Start with the line that holds "Treningstights|Ribbete Tights^AIM’N Ribbed". Please copy it and each remaining line below exactly, leaving pictures out.

Extracted data entries:
####################

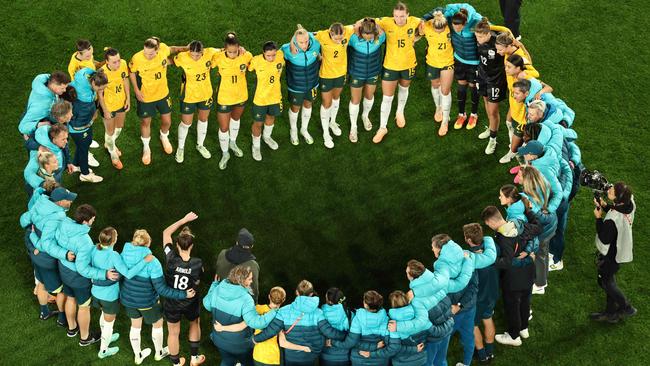 TOPSHOT - Australia's players gather after losing the Australia and New Zealand 2023 Women's World Cup semi-final football match between Australia and England at Stadium Australia in Sydney on August 16, 2023. (Photo by DAVID GRAY / AFP)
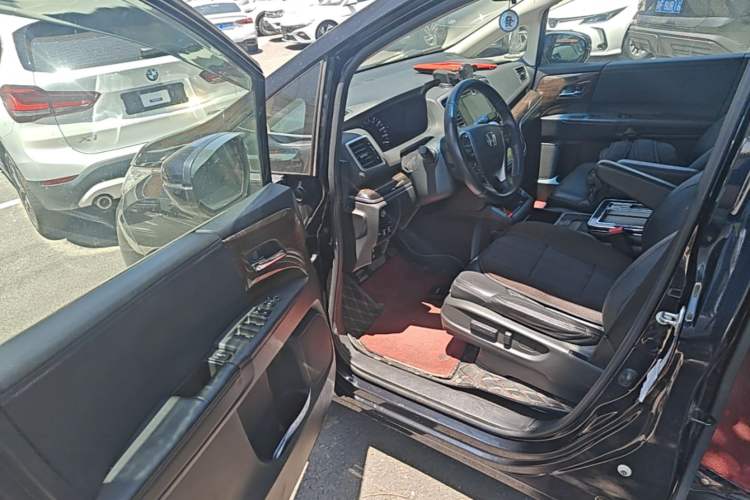 Used Honda Odyssey 2017 2.4L Smart Edition Driver Seat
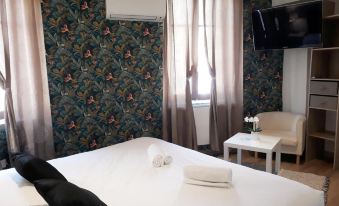 Hotel Renaissance Martigues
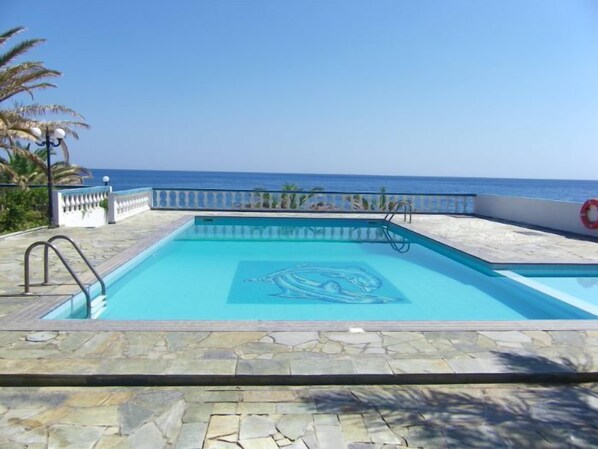 2 outdoor pools - Cypriana Apartments (Ierapetra)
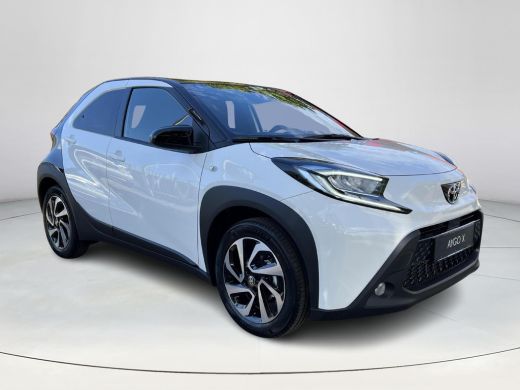 Toyota Aygo 1.0 VVT-i MT Pulse ActivLease financial lease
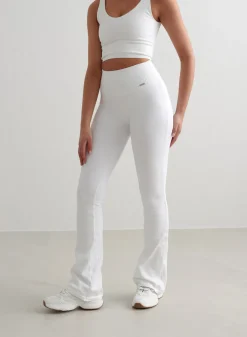 Treningstights|Ribbete Tights^AIM’N Ribbed Seamless Flare Tights White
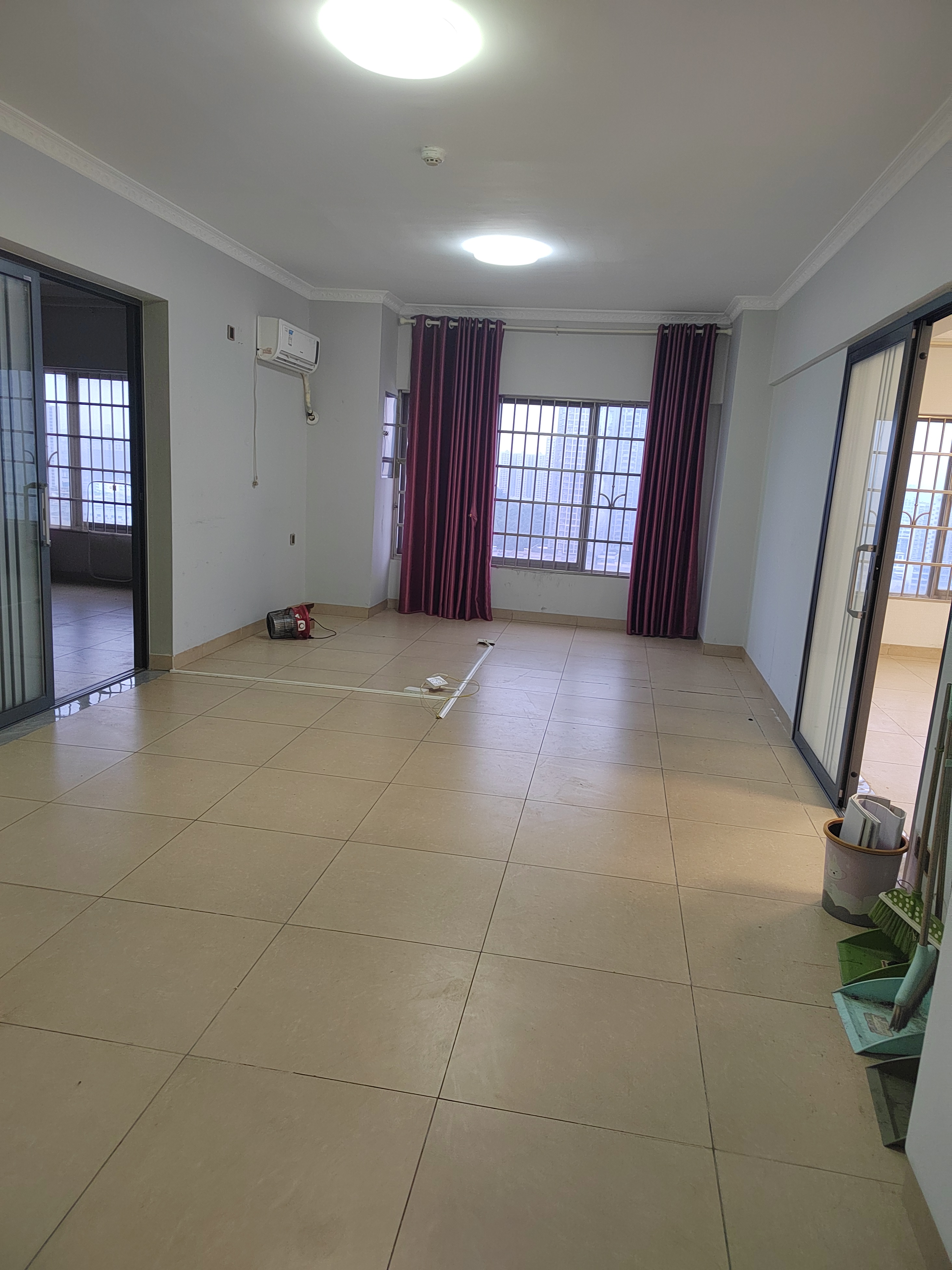 华融大厦  1室1厅1卫    900.0元/月室内图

####################

**The answer**.
 Treningstights|Ribbete Tights^AIM’N Ribbed Seamless Flare Tights White
 华融大厦  1室1厅1卫    900.0元/月室内图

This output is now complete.